TASK ITEM: Pictures in the records below must be left out. Return exactly the lines from the line with "View from a" to the line with "2023 Panini Chronicles", both included.

GIVEN DATA:
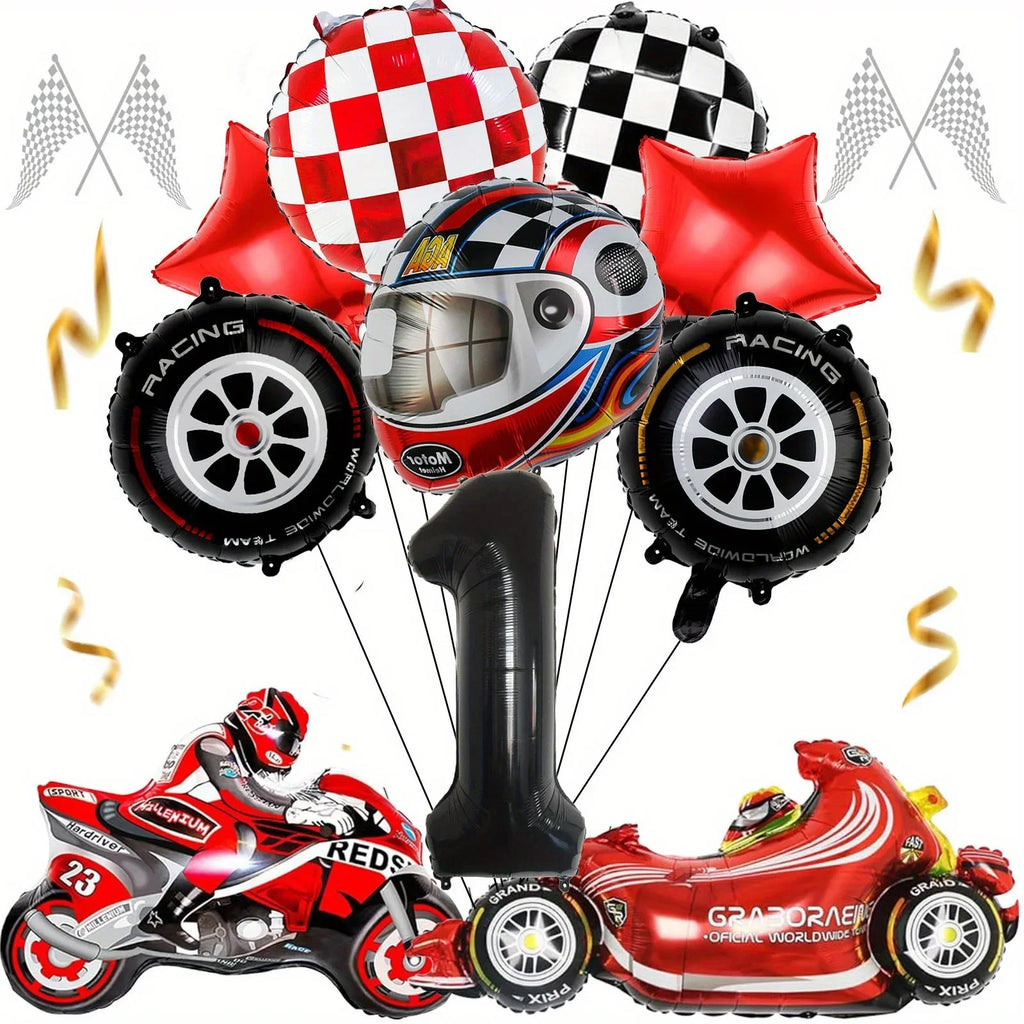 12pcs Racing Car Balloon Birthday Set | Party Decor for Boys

...

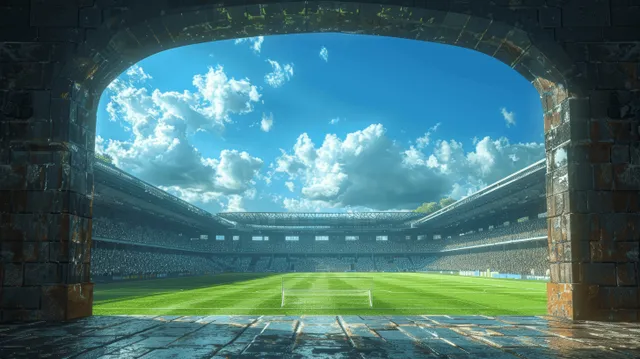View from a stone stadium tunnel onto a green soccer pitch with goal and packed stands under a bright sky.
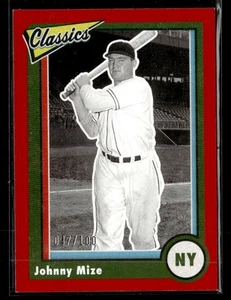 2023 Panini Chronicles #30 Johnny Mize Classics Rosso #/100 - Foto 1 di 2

EXPECTED ANSWER:
View from a stone stadium tunnel onto a green soccer pitch with goal and packed stands under a bright sky.
 2023 Panini Chronicles #30 Johnny Mize Classics Rosso #/100 - Foto 1 di 2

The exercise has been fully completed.